The steps taken by the Trustees

On 3 February 2011, the Trustees resolved, subject to consultation with BA, to insert a power into Rule 15 of the APS Rules that would: "permit discretionary pension increases on top of those granted by the Annual Review Orders, on a two-thirds majority basis, and that the use of the power would be reviewed on at least an annual basis and take account of relevant professional advice." This was confirmed at a further meeting of the Trustees held on 1 March 2011. The express aim of this amendment was to give the Trustees the ability to pay increases to members at a level that exceeded CPI, in order to mitigate (or partially mitigate) the impact of the change from increases paid by reference to RPI, which was a level of increase to which at least some of the Trustees considered members to have a legitimate expectation.

Subsequently, on 28 February 2013, the Trustees agreed in principle to exercise the Rule 15 power so as to award an additional increase of 0.2% over CPI (0.2% in this case being 50% of the difference between RPI and CPI over the relevant period), and this decision was ratified by the Trustees in November 2013.

The validity of the amendment that granted the trustees power to pay discretionary increases 

The Court of Appeal held that the amendment involved the Trustees exercising their powers for an improper purpose. 

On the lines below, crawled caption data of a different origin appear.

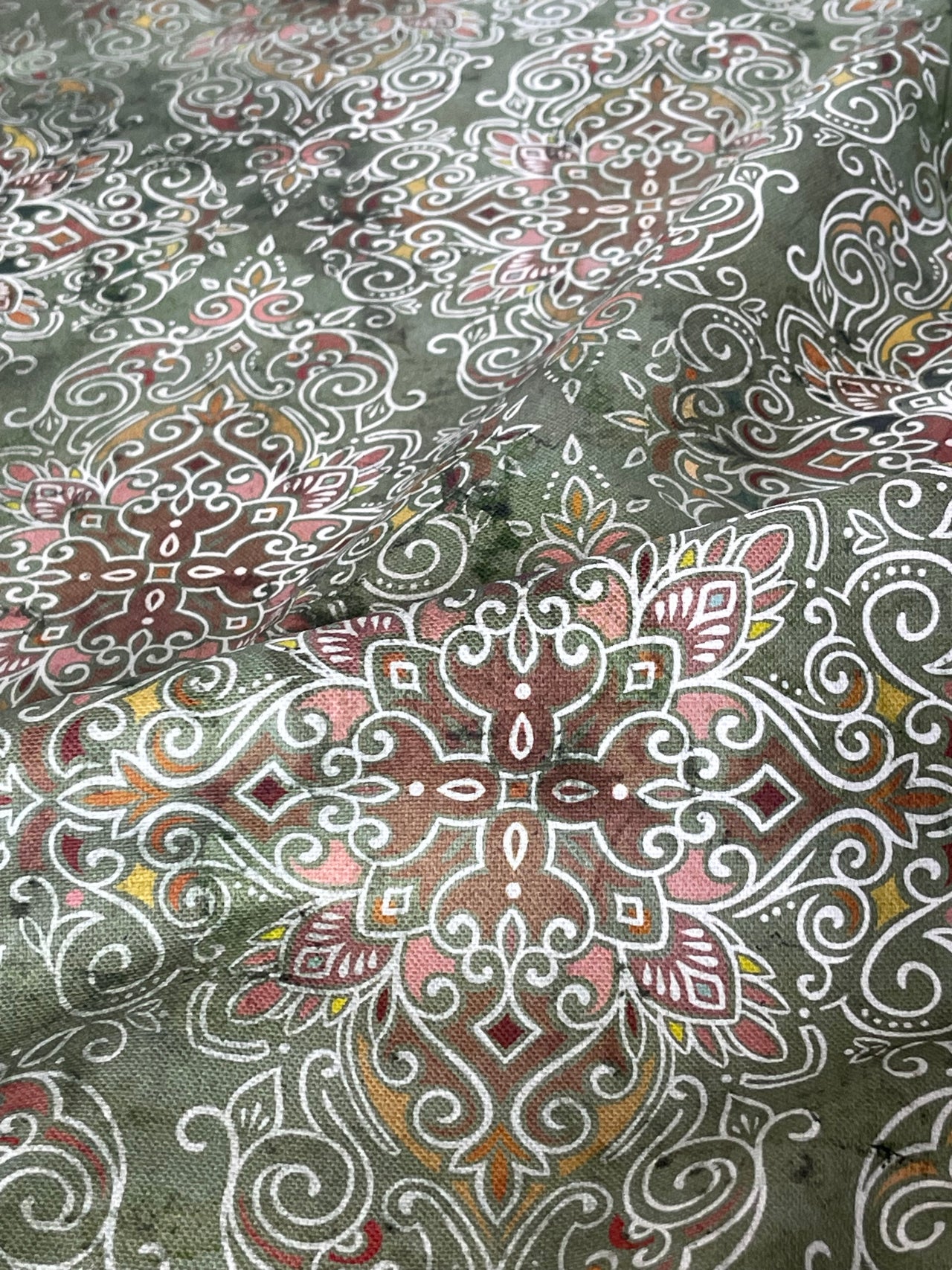 Persian Kilim Green Printed Organic Cotton Fabric – Oriental Moroccan Rug Carpet - Vintage Style Home Decor
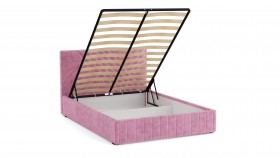 Кровать Гамма ш. 1400 (с основанием для хранения) (велюр тенерифе розовый) в Бийске - bijsk.katalogmebeli.com | фото 3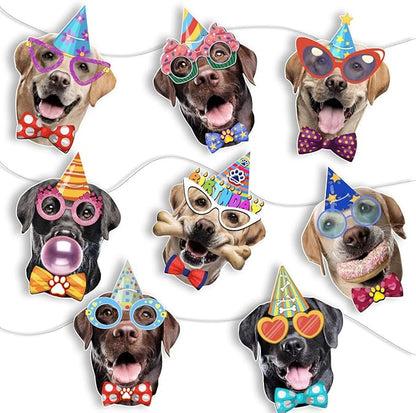 Labrador Dog Birthday Garland, Photographic Labrador Retriever Faces Birthday by Momapopup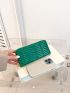 Embossed Detail Long Wallet PU Green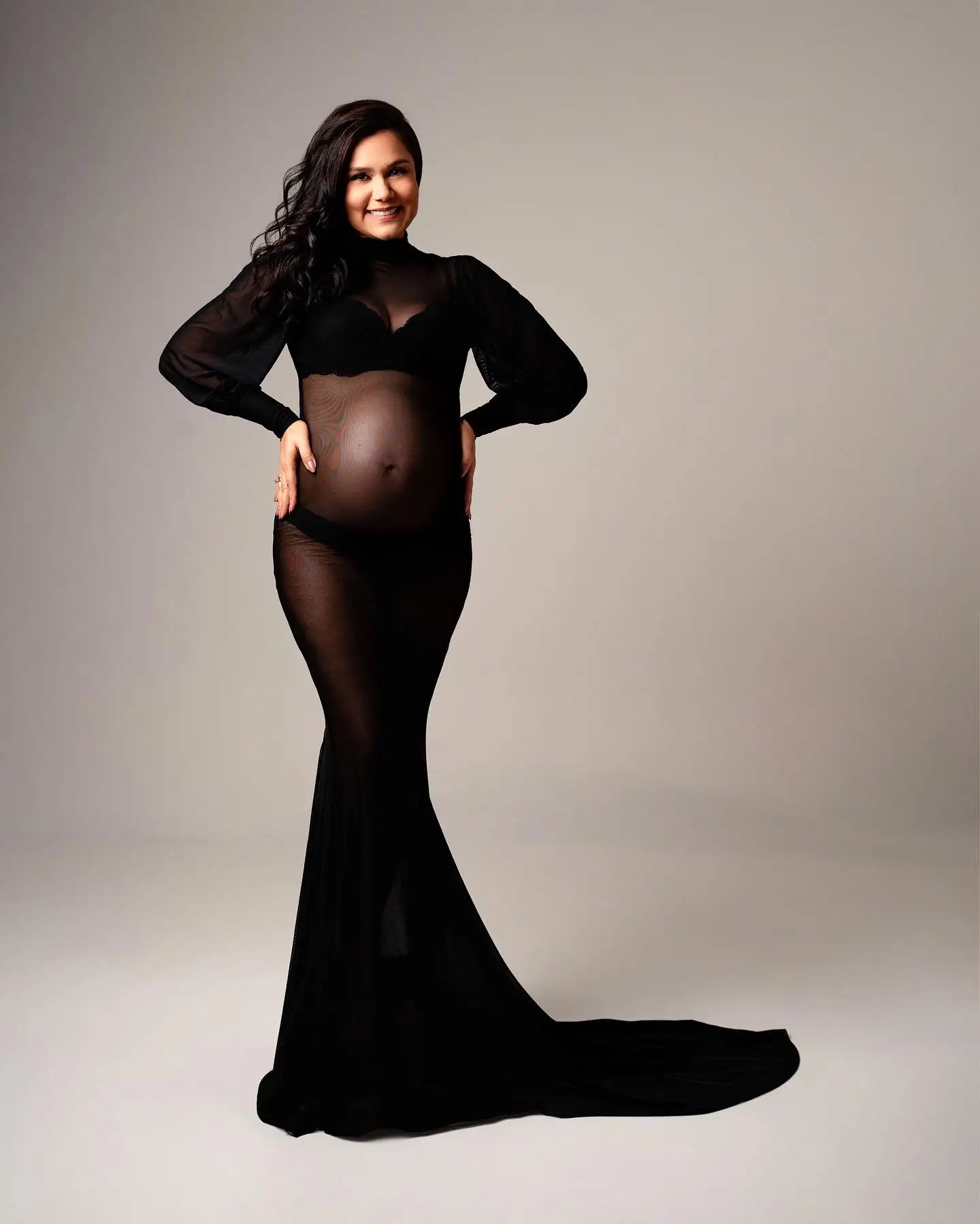 2025, neue elegante Spitzen-Umstandskleider für Fotoshootings, langärmeliges Maxikleid mit Rundhalsausschnitt für Babypartys, Schwangerschafts-Fotositzung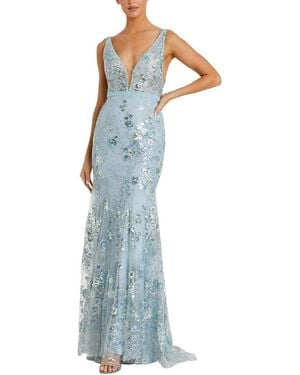 Mac Duggal Embellished Plunge Neck Gown - Blue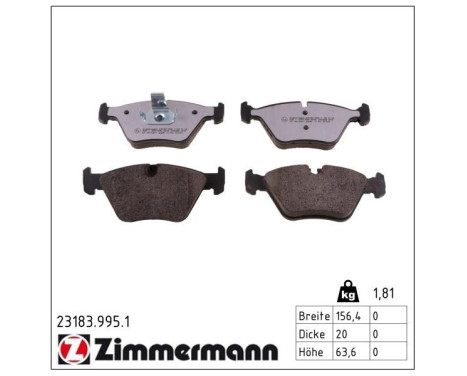 Brake Pad Set, disc brake rd:z 23183.995.1 Zimmermann, Image 2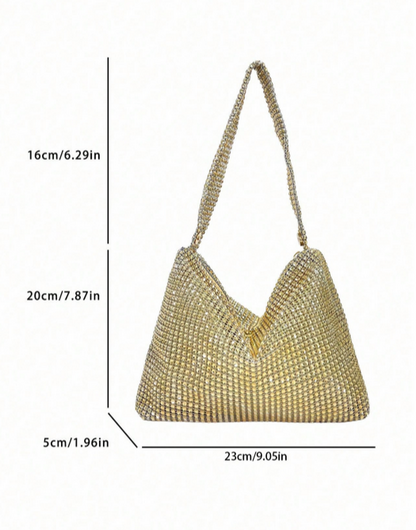 BOLSO DORADO IMITACION PEDRERIA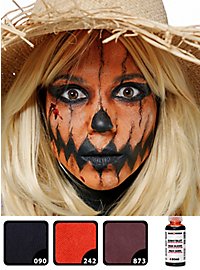 Set Trucco Halloween 19 Pezzi: Colori Nero, Bianco, Rosso + Sangue Finto - Kit Professionale Per Viso, Effetti Speciali E Teatro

Lord Justice Lewison stated in his judgment that "the function of the trustees is to manage and administer the scheme; not to design it." He went on to say "I do not agree that, in effect, the trustees can do whatever they like so long as their ultimate purpose is to provide pensions." In a similar vein Lord Justice Peter Jackson in his judgment stated "there is nothing to suggest that the power of amendment was intended to give the trustees the right to remodel the balance of powers between themselves and the employer." 

However, it should be noted that Lord Justice Patten dissented on this point, finding that the amendments did not breach the proper purpose rule as there is no general principle, either in this particular scheme or otherwise, to the effect that a trustee's otherwise unlimited power to amend the scheme is nevertheless restricted by a requirement that there should be no alteration to the benefit structure which would cost the employer more money than it was prepared to agree to pay. He also noted that, in essence, the 0.2% discretionary payment attempted put the members benefits back into line with how they were previously under RPI, stating "it [the 0.2% increase] did not confer on the members of the scheme a benefit that was different in kind to what they had always enjoyed."

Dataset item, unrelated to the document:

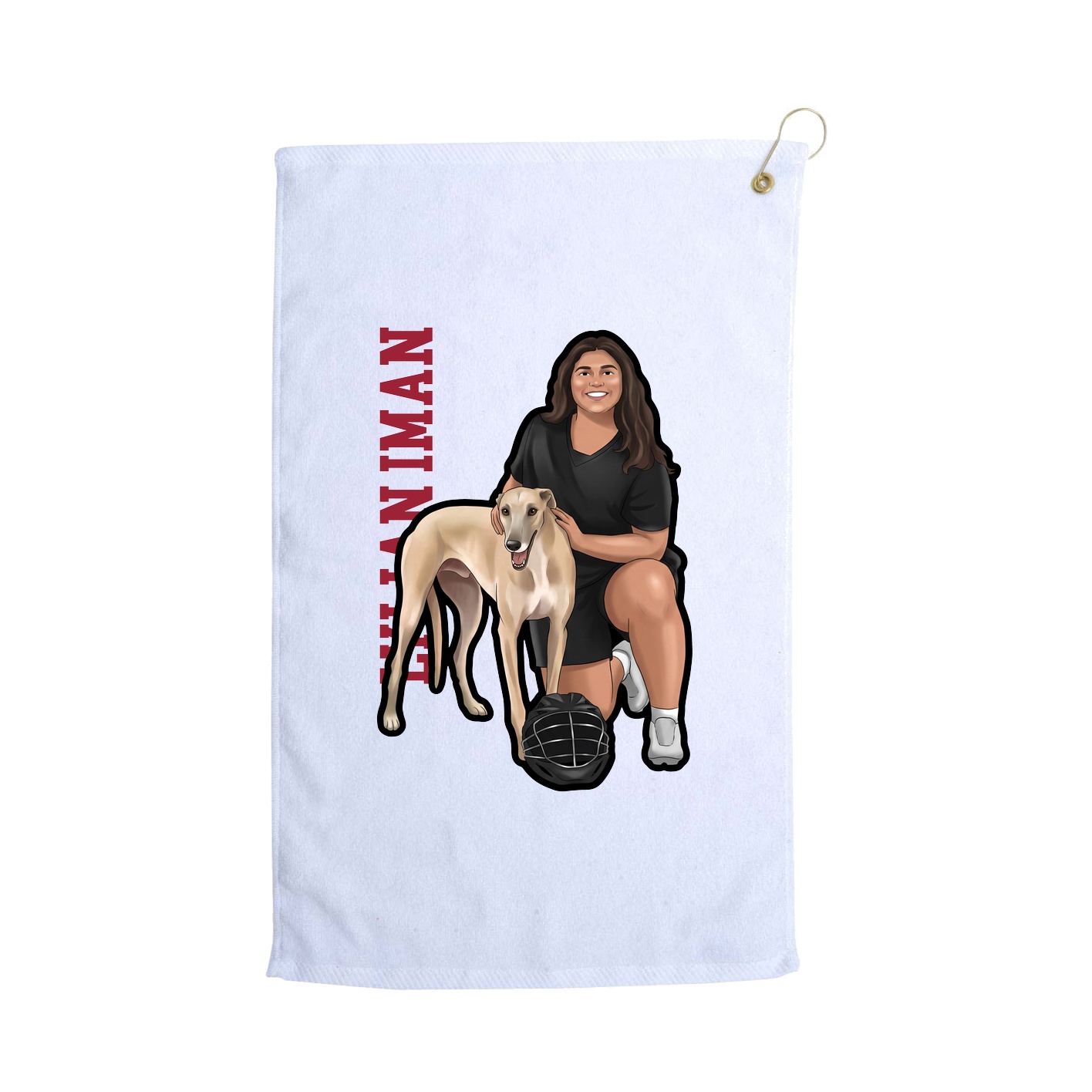 Golf Towel — Name Vertical in White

Was the power created by the amendment validly exercised?

BA challenged the exercise of the power as carried out for an improper purpose and unlawful either because the Trustees had taken into account irrelevant factors or failed to take into account relevant factors when exercising the discretion or alternatively because the decision was in all the circumstances perverse or irrational. All of these issues turned on whether the exercise of the power resulted in the making of "benevolent or compassionate payments" to members of the APS in the form of the additional pension increases.

The three judges were unanimous that the form of the additional pension increases was not benevolent or compassionate, and therefore was not invalid under this head. Lord Justice Patten stated "the fact that the motivation for a general increase in the pensions payable may include an element of generosity does not make the payment a benevolent one." 

Our comment

The Court of Appeal's judgment provides some clarity as to how trustees may exercise their powers and highlights that trustees should not go beyond the powers conferred on them. However, the case raised some complex and controversial issues, as demonstrated by the fact that the Court of Appeal was unable to reach a unanimous decision. On 12 September 2018 the Trustees issued an announcement stating that they have decided to continue the appeal and anticipate that the case will be heard by the Supreme Court in the second half of 2019. Trustees and scheme employers will wish to monitor this case closely.